2.2: Differentiation (continued)

$\newcommand{\R}{\mathbb R }$ $\newcommand{\N}{\mathbb N }$ $\newcommand{\Z}{\mathbb Z }$ $\newcommand{\bfa}{\mathbf a}$ $\newcommand{\bfb}{\mathbf b}$ $\newcommand{\bff}{\mathbf f}$ $\newcommand{\bfg}{\mathbf g}$ $\newcommand{\bfh}{\mathbf h}$ $\newcommand{\bfu}{\mathbf u}$ $\newcommand{\bfx}{\mathbf x}$ $\newcommand{\bfy}{\mathbf y}$ $\newcommand{\ep}{\varepsilon}$

Differentiation (continued)

  1. Differentiation of vector-valued functions
  2. Some important special cases
  3. the differential
  4. Problems

Differentiation of vector-valued functions

Definition of the derivative

Suppose that $S$ is an open subset of $\R^n$, and consider a vector-valued function $\bff:S\to \R^m$.

The idea of differentiability is essentially the same as in the case of real-valued functions: $\bff$ is differentiable at a point $\bfa\in S$ if $\bff$ can be approximated by a linear map $\R^n\to \R^m$ near $\bfa$, with errors that are smaller than linear.

In order to write this down, we recall that it is natural to represent a linear map $\R^n\to \R^m$ by a $m\times n$ matrix, which acts on (column) vectors by matrix multiplication.

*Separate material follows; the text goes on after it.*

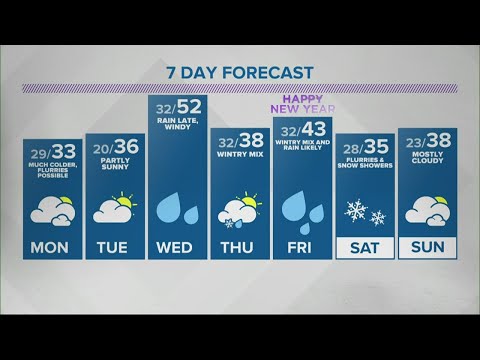 Sean's 6pm Doppler 13 forecast - Dec. 27, 2020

Explicitly, a $m\times n$ matrix $$ M = \left(\begin{array}{ccc} M_{11}& \cdots &M_{1n}\\ M_{21}& \cdots &M_{2n}\\ \vdots&\ddots&\vdots\\ M_{m1}& \cdots &M_{mn} \end{array} \right) $$ represents the linear map $\ell:\R^n\to \R^m$ defined by $$ \ell(\bfx)= M\bfx \in \R^m. $$

We also remember from linear algebra that every linear map from $\R^n$ to $\R^m$ can be represented by matrix-vector multipication, as above.

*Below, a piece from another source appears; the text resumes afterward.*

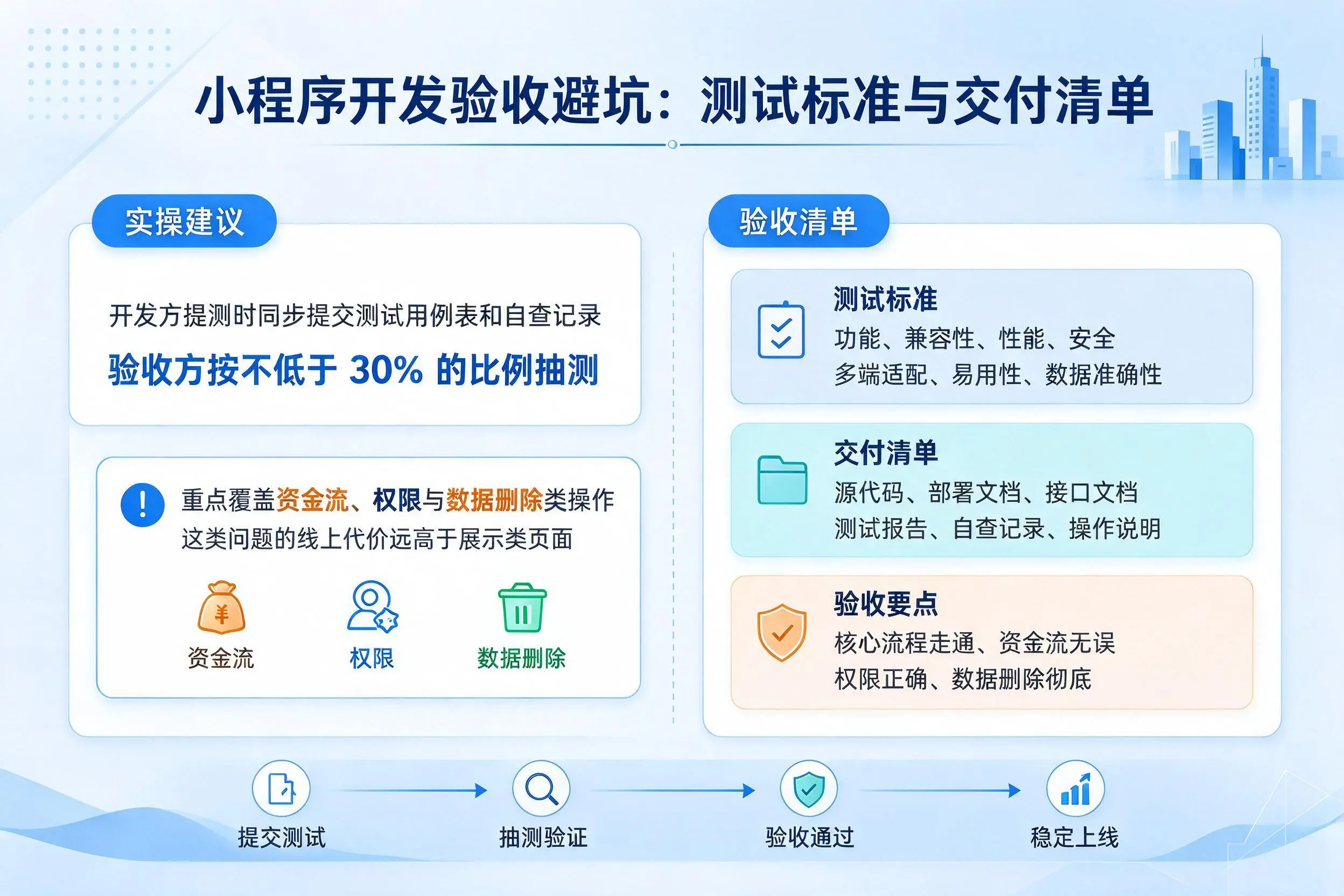 绵阳小程序开发验收避坑：测试标准与交付清单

Since it is natural to represent linear maps in this way, we will write the derivative at a point $\bfa\in S\subset \R^n$ of a vector-valued function $\bff: S\to \R^m$ as a $m\times n$ matrix.

Once we have accepted this point, the definition is very much like things we have already seen.

Definition Assume that $S$ is an open subset of $\R^n$. Given a function $\bff:S\to \R^m$, we say that $\bff$ is differentiable at a point $\bfa\in S$ if there exists a $m\times n$ matrix $M$ such that \begin{equation}\label{diffnm} \bff(\bfa+\bfh) = \bff(\bfa) + M \bfh + {\bf E}(\bfh), \qquad\mbox{ where }\lim_{\bfh\to \bf 0}\frac{{\bf E}(\bfh)}{|\bfh|} = {\bf 0}\in \R^m. \end{equation} When this holds, we say that $M$ is the derivative of $\bff$ at $\bfa$, and we write $M = D\bff(\bfa)$. $M$ is also sometimes called the Jacobian matrix.

Recall also that for a vector-valued function ${\bf E}(\bfh) = (E_1(\bfh), \ldots, E_m(\bfh))$ of a variable $\bfh\in \R^n$, $$ \lim_{\bfh\to \bf 0} \frac {{\bf E}(\bfh)}{|\bfh|} = {\bf 0} \mbox{ if and only if } \lim_{\bfh\to \bf 0} \frac {E_j(\bfh)}{|\bfh|} = 0 \mbox{ for all }j\in \{1,\ldots, m \}, $$ as we know from Theorem 3 in Section 1.2

The definition \eqref{diffnm} can also be written: there exists a $m\times n$ matrix $M$ such that $$ \lim_{\bfh\to {\bf 0}}\frac{\bff(\bfa+\bfh) - \bff(\bfa) - M \bfh}{|\bfh|} = {\bf 0}. $$

We will see soon that at places where $\bff$ is differentiable, there are easy expression for the components of $D\bff(\bfa)$ in terms of partial derivatives of the components of $\bff$.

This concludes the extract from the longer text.